S'cuse Us, Yer Highness

by digby

Considering that I've been writing about aristocracy a lot these days, this is actually kind of amusing:

To: The Honourable Senator Olympia Snowe (Republican, Maine) The Honourable Senator John D. Rockefeller (Democrat, West Virginia)

Madame, Sir,

Uphold Free Speech About Climate Change Or Resign

The US Constitution guarantees the right of free speech. It is inappropriate for elected Senators such as yourselves to suggest that any person should refrain from exercising that right, as you have done in your letter of October 27 to the CEO of ExxonMobil. That great corporation has exercised its right of free speech -- and with good reason -- in openly providing support for scientists and groups that dare to question how much the increased concentration of CO2 in the air may warm the world. You must honour the Constitution, withdraw your letter and apologize to ExxonMobil, or resign as Senators.

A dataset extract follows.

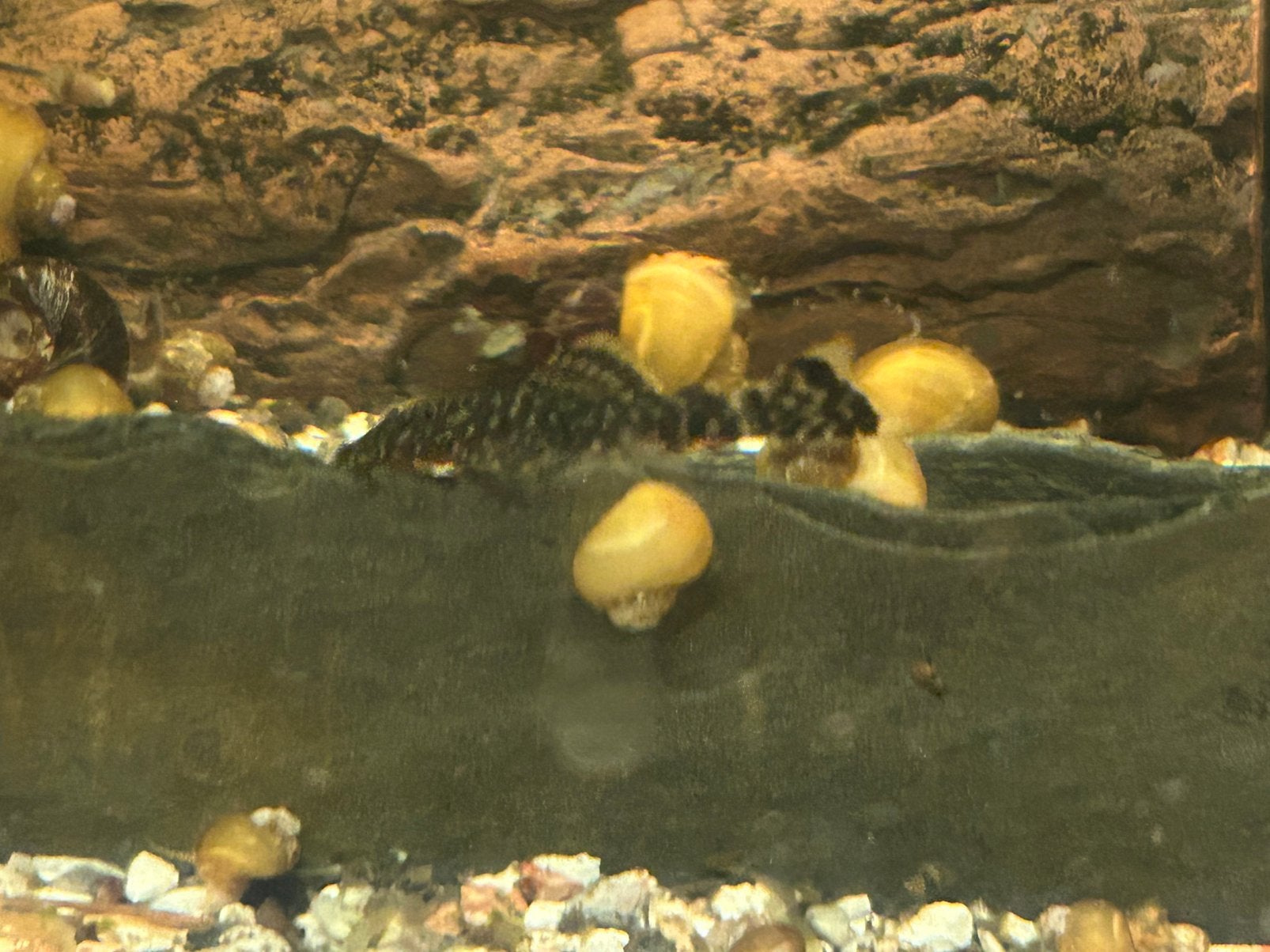 Aquarium Appelslakken, Ancistrus Vissen houden alles schoon., Dieren en Toebehoren, Vis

You defy every tenet of democracy when you invite ExxonMobil to deny itself the right to provide information to "senior elected and appointed government officials" who disagree with your opinion. You are elected officials yourselves. If you do not believe in the right of persons within the United States to exercise their fundamental right under the world's greatest Constitution to petition their elected representatives for the redress of their grievances, then you have no place on Capitol Hill. You must go.

[...]

You will rightly deduce from Beckett's sinister remark that after a decade of Socialist government freedom of speech does not figure in our constitution. But let me quote the First Amendment to yours: "Congress shall make no law respecting an establishment of religion or prohibiting the free exercise thereof, or abridging the freedom of speech or of the Press, or the right of the people peaceably to assemble and to petition the Government for a redress of grievances."

I call upon the pair of you to live by those great words, or to leave.

Yours truly,

MONCKTON OF BRENCHLEY


One does feel the sting of the whip more keenly when it comes from one's betters, doesn't one? But this is no joke. It is a letter written by a real Viscount Mockton of Brenchley to two US Senators.

The story is related to my aristocrat series not just because some slice of irrelevant peerage decides to lecture US citizens in the tone of Henry the VIII, but because it is another example of big, big money financing their pet conservative causes by creating bogus think tanks and "institutes." It's just a little bit unusual that they have put an actual aristocrat up front. The aristocrat, however, has a long conservative political and journalistic history and currently "acts as trouble-shooter and corporate thinker to leading businesses." (The first viscount Monckton was Chairman of the Iraq Petroleum Company.)

Lord Monckton is an ardent global warming science foe who recently published an exhaustive 52 page roll of toilet paper on the subject for The Telegraph. (George Monbiot explains the whole thing in this article in the Guardian.)He has no degree in any scientific subject and has never done any work in the field. Lately, he's best known for his (admittedly impressive)jigsaw puzzle design. But he styles himself an expert, writes nonsensical papers and then demands the resignations of anyone who disagrees with him. I think there was more intellectual rigor involved in Galileo's trial.

But this is how it works. I find it amusing that Exxon has actually engaged a real blueblood to make its dishonest pitch, but maybe they are getting desperate. They aren't even trying to hide it.